Senator DOLE. You have indicated that at least it is USDA's position that part of the opposition to the bill is due to the problem of equity in silos, that if there is a default, there is almost no value in the facility for resale even though you may have an acre of land.

But as far as you know, none of these have gone through foreclosure to determine whether or not there has been a loss to the Department? Mr. PERSON. Not any number of them, at least at the present time. Generally speaking, it is our feeling that on the more permanent type structures such as silos, cement type structures that are not movable, they really should become a part of the producers total real estate obligations or his real estate mortgage.

Senator DOLE. What about other grain storage facilities on which loans are being made presently? It is impossible to sell them also, I assume, for the same reason grain pits and concrete foundations and certain weighing facilities; they are essentially permanent.

Do they become part of the real estate?

Mr. PERSON. On our present dry storage program we exclude loans on the foundation and on the wiring and so on so that the structure itself can be dismantled. We also get a subordination agreement or a severance agreement which separates it from the real estate so that we have a first lien on it and it can be repossessed or moved quite easily, whereas this becomes more difficult when we become involved in total real estate mortgages. Farmers Home Administration, of course, is involved in the total real estate financing, along with Federal Land Bank, and of course commercial banks are more involved in the total real estate financing than we are in ASCS. We confine our operations pretty much to those price supported commodities, except for the exceptions where we have expanded our program.

Senator DOLE. What are the terms for storage facility loans presently?

Mr. PERSON. 5 years, first payment due in four equal installments beginning 12 months after the first year of the loan. So it is a total of 5 years repayment schedule.

The current interest rate is 61% percent. At the present time the rate is adjusted every 6 months, depending upon the cost of money to the Government, and we loan up to 70 percent of the total cost of the structure exclusive of foundation and wiring.

Senator DOLE. How does the USDA arrive at the figure that this bill would require $3 million annually in additional expenditures? It is not the intent, as far as I know, nor is it the intent of Senator Humphrey or other cosponsors to increase expenditures, but simply to require that loan funds are available, loans for silos and similar storage facilities as an option for farmers.

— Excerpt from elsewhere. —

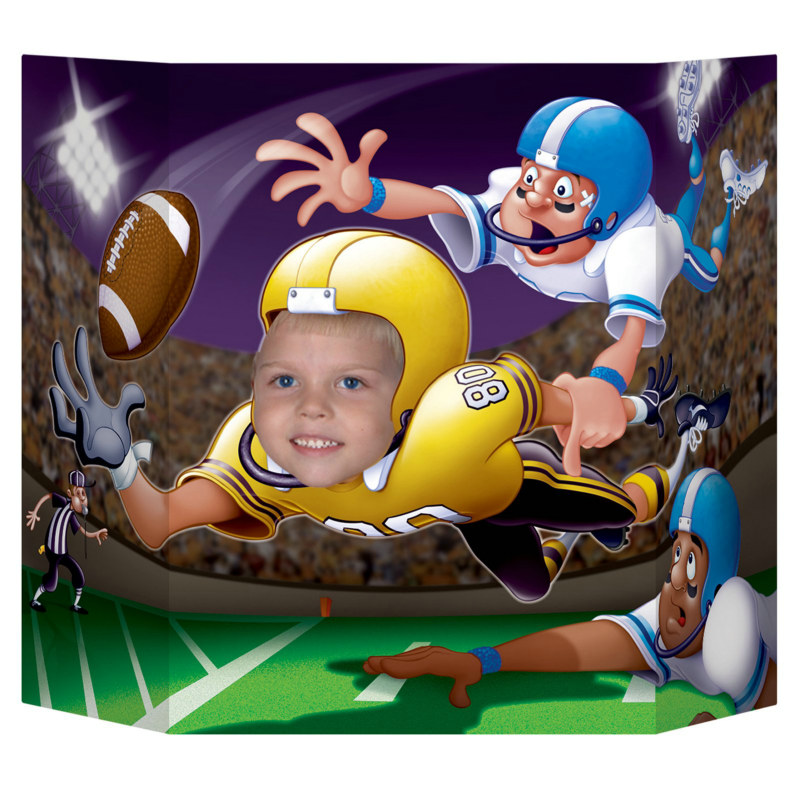 Football Photo Prop - Click Image to Close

I do not understand. The record should show why this bill would necessitate an increase in expenditures, And if it does, is there any suggested modification that would avoid such an increase?

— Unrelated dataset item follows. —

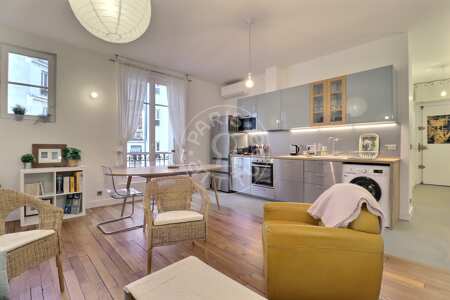 Salón Piso amueblado - 58m²  - 2 dormitorios - Bastille - París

Mr. PERSON. Well, we could increase our restrictions on loans by increasing the required downpayment or other restrictions that would limit the availability of the loans. We use Commodity Credit Corporation funds and are reimbursed for the losses. The only control we would have would be setting program limitations to limit access to the loan program, which we can do if we increase the downpayment, for instance, from 30 percent to 40 or 50 percent. There would be less farmer interest in the loan program.

Senator DOLE. Right.

Mr. PERSON. So we can control it to some extent but of course it does also limit the availability of dry storage facilities because we have treated them in one package in the past.